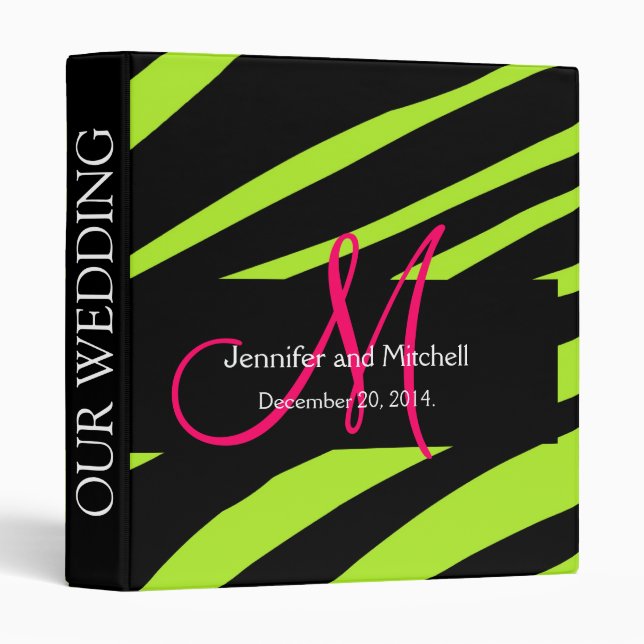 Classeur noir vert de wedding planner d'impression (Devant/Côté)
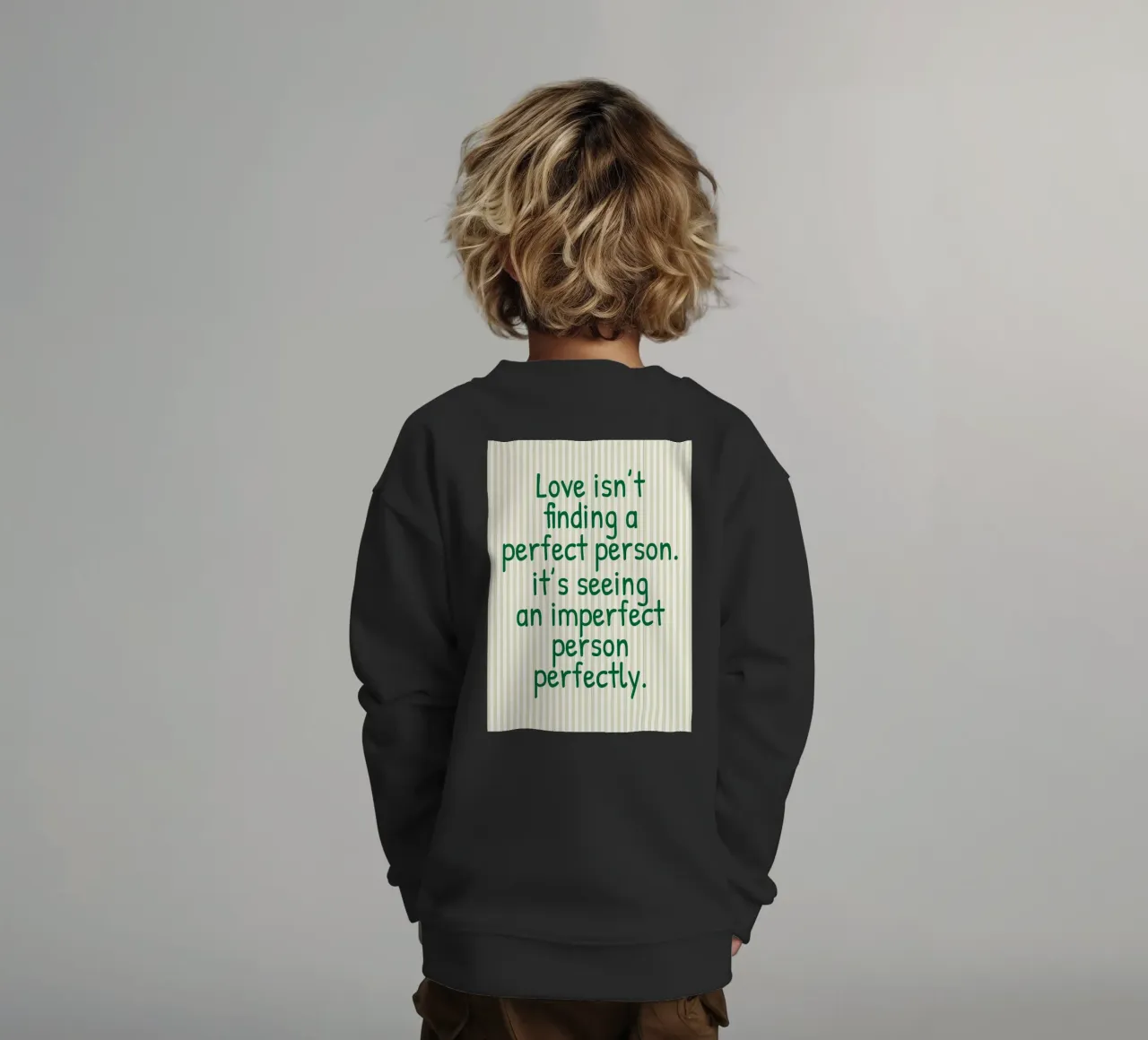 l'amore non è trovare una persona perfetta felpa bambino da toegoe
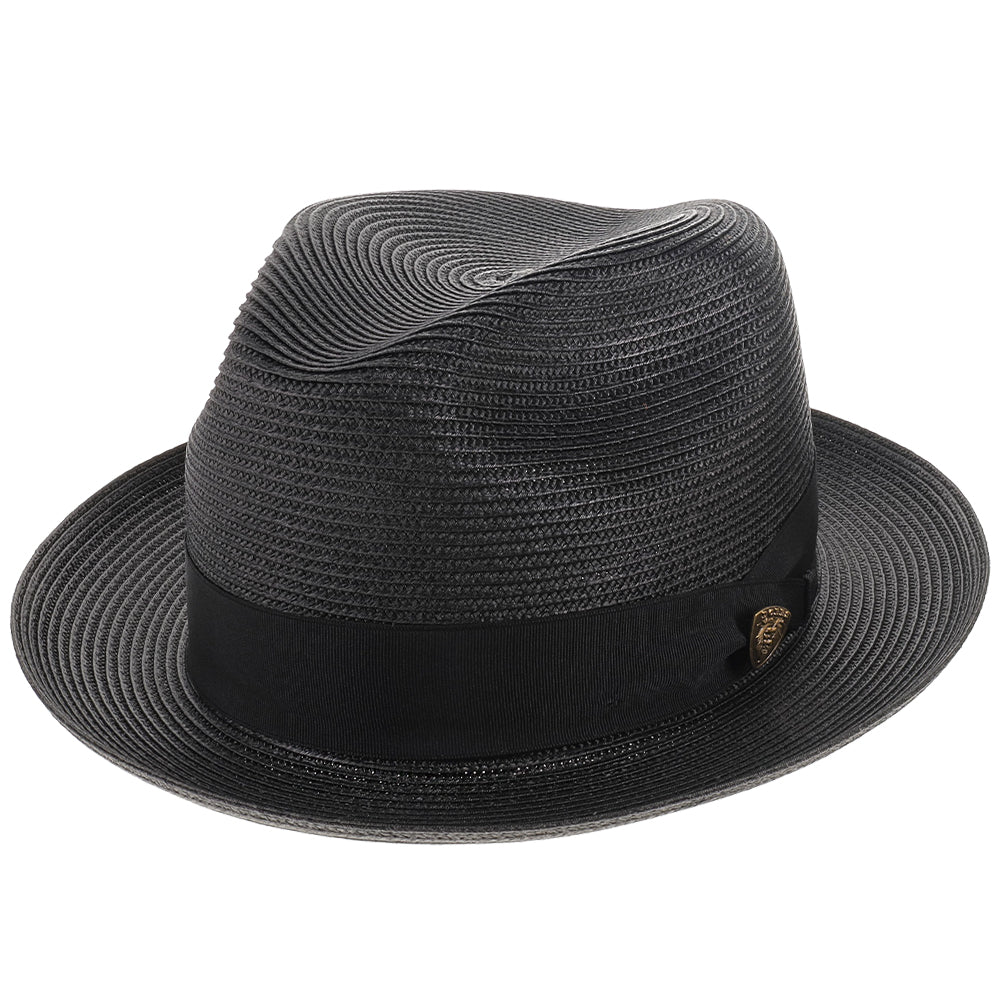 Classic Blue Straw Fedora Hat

--

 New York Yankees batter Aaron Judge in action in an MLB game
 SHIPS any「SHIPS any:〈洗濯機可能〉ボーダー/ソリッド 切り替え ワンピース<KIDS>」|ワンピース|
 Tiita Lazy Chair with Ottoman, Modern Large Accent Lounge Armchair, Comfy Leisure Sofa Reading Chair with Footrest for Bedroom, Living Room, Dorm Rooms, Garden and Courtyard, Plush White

> The problem
Only one part of the listing is wanted: the lines from the one containing "Classeur noir vert" through the one containing "Classic Blue Straw Fedora Hat", both included. Please transcribe it exactly, leaving out the pictures.

> Task output
 Classeur noir vert de wedding planner d'impression (Devant/Côté)
 l'amore non è trovare una persona perfetta felpa bambino da toegoe
 Classic Blue Straw Fedora Hat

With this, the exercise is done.